I’m not aware of any legitimate rumblings over the last 5 years about the team or the rink being for sale. Rather, the suspended owner just paid the bills and largely kept his mouth shut. Credit where credit is due — Nilsen didn’t cause problems and the franchise didn’t run on a shoestring budget.
Now, Barclay Branch’s departure was inevitable once the owner’s suspension ended. No owner of a sports team wants his top executive to be someone appointed by the league, let alone the league commissioner’s son. The optics scream, “you need a babysitter because you can’t be trusted.” Why would any sports team owner retain a guy who symbolizes the owner’s previous mistakes? Would you?
Owners always want their own people in charge. It might not be fair, but it happens all the time. Ownership has its privileges. Nilsen brought back Terry Christensen and Branch resigned less than one week later. I’d expect most of Branch’s staff to be gone at some point and for the owner to install his own people. That’s how the hockey business works.
It’s worth remembering that Christensen was not trusted by the players back in 2015-16 because they believed he wanted John Gruden’s head coaching job and undercut him when he could. Maybe Christensen becomes the head coach, too, or perhaps he pushes for his son, Kyle, to join the staff. Regardless, these decisions are the owner’s to make.

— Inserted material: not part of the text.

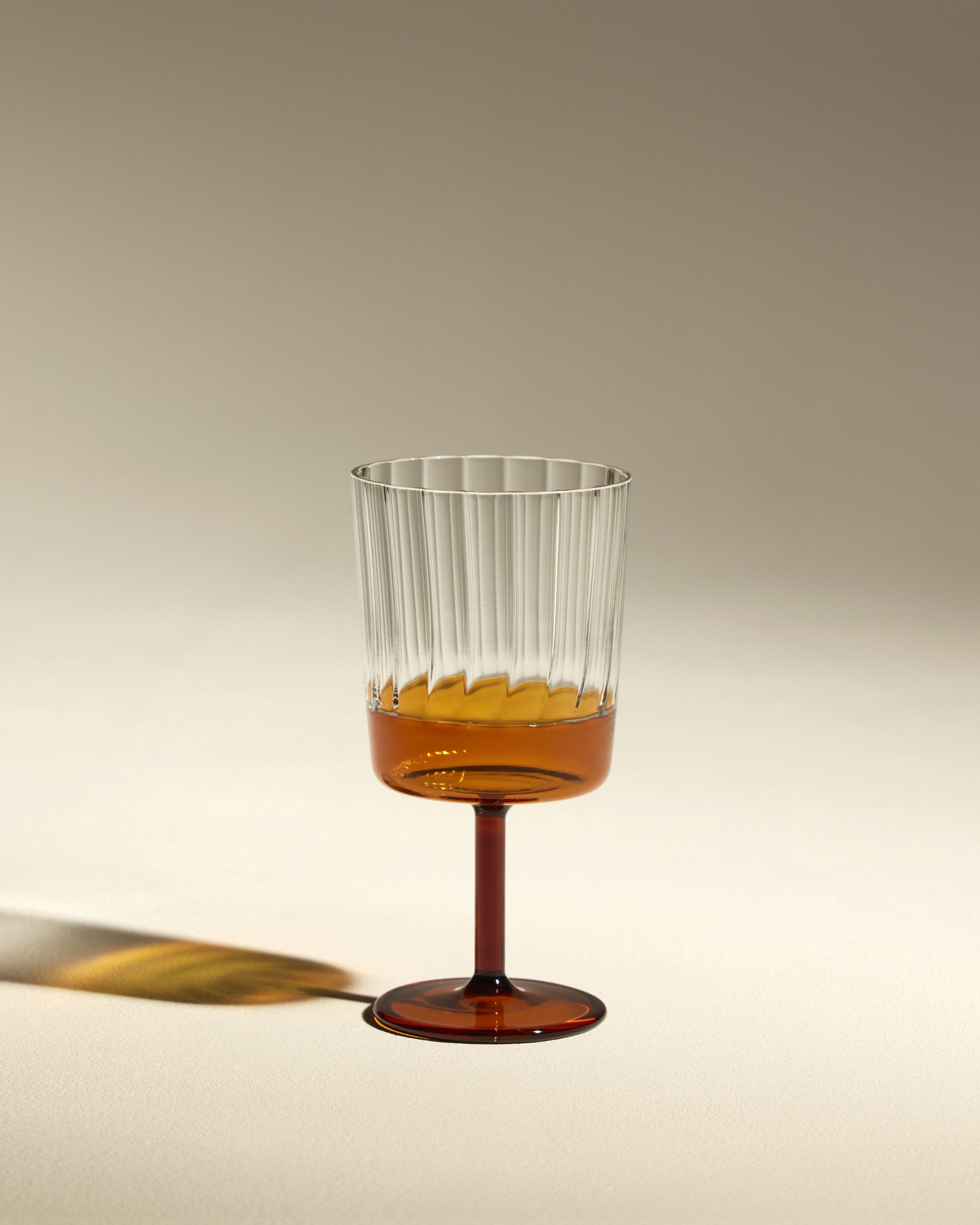 Verre à vin Eclat - Ambre design Maison Sarah Lavoine Ambre Verre  13,5 cm 1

Now, don’t get the wrong idea here — I truly wish Rolf Nilsen would just go away from the junior hockey world forever. He makes lousy junior hockey decisions at the best of times. But the franchise is his toy, and provided he doesn’t violate league rules, he can play with it as he wishes.
Infuriating? Yes. But until the league has a legitimate reason to revoke his ownership or force a sale, you’re stuck with him.